The theme is characterized by legato pairs of notes, descending suspension figures, and a rocking figure (in the first four notes of the flute); these elements, rhythmically and melodically transformed and expanded, provide the material for the six variations. At the climactic phrase, the flute and the left hand of the piano are in their most widely separated ranges, and brief rests in the vocal line combine with occasional staccato notes in the flute part to create the "chinks" for the light of the setting sun.
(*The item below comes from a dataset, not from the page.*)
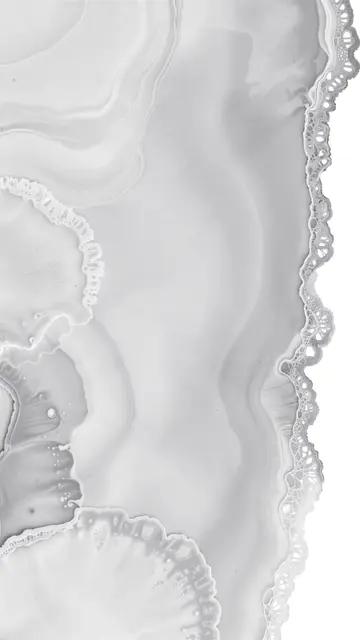 Vertical monochrome fluid art with smooth gray and white gradients and delicate lacy edges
Stephen Chatman (1950- ) Shadow River, for voice, alto flute, English horn, bass clarinet, horn, and bassoon (1981) Born and trained in the United States, Stephen Chatman has been head of the composition division at the University of British Columbia since 1976. Shadow River dates from a period when his early style complex, virtuosic, and atonal was giving way to a more eclectic musical expression which includes simplified musical language, modality, and theatrical elements. It was commissioned for the Camerata d’Amici Woodwind Quintet, in Vancouver, and first performed in November of 1981. The text is by the Mohawk-English poet, Emily Pauline Johnson (1861-1913), also known as Tekahionwake (Mohawk for “double wampum”), a poet much in demand for performances in both Canada and England; her work combined a passion for Six Nations culture and oral tradition with a Victorian poetic sensibility and love of nature.
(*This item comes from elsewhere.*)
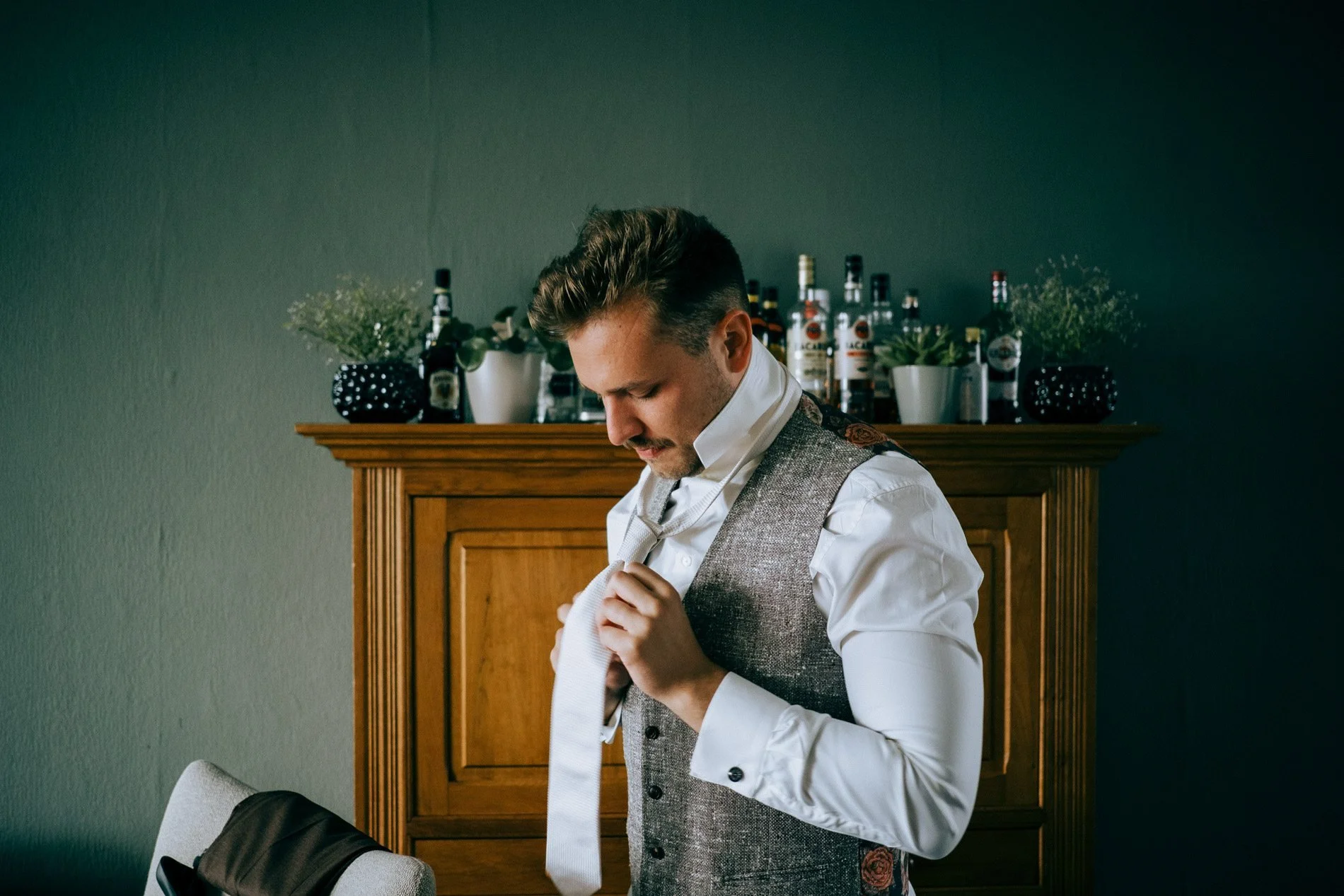 A groom adjusts his tie during quiet wedding morning preparations, captured in natural light with a relaxed, intimate atmosphere by Quiet Mornings Wedding Photography in Scotland.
Mary Gardiner (1932- ) Zhawaninodin, for voices, percussion, and piano (1987) Composer, pianist, and educator Mary Gardiner is a former chair of the Association of Canadian Women Composers, and she has been active in the Canadian Music Centre, and as president of the Alliance for Canadian New Music Projects. Her music has been published, recorded, broadcast and performed across Canada and internationally; in 2002, Conservatory Canada released The Music of Mary Gardiner, the third CD in its "Canadian Composers" series, and the CMC and the Canadian League of Composers presented her with the 2003 "Friends of Canadian Music" Award in recognition of her exceptional commitment to Canadian music. Zhawaninodin (meaning “south wind” in Ojibway) is a setting of part of a epic poem entitled Malcolm’s Katie, by the Irish-Canadian poet Isabella Valancy Crawford (1850-1887). Crawford settled in Ontario with her family in 1857; she wrote poetry, novels and short stories for a variety of Canadian newspapers and magazines, but only one book, Old Spookses' Pass, Malcolm's Katie and Other Poems (1884), was published during her brief lifetime. Zhawaninodin was commissioned for the sesquicentennial celebrations of Victoria College. The work alternates sections in strict pulsing rhythm with highly atmospheric sections in free rhythm, in which both the singers and the pianist whisper the text. The singers are also required to play windchimes, shaker, and hand-drum, in an echo of the landscape and the Aboriginal culture which Crawford was attempting to evoke.
Stephanie Moore (1979- ) Reflective Pieces, for voice and piano quartet (2007) Stephanie Moore is a composition graduate of the University of Toronto who has written a number of works for voice and chamber ensembles, including settings of poems by Toronto poets, and an opera scene based on a libretto adapted from Tolstoy’s Anna Karenina. Her teachers have included John Hawkins, Gary Kulesha, Chan Ka Nin, and Christos Hatzis.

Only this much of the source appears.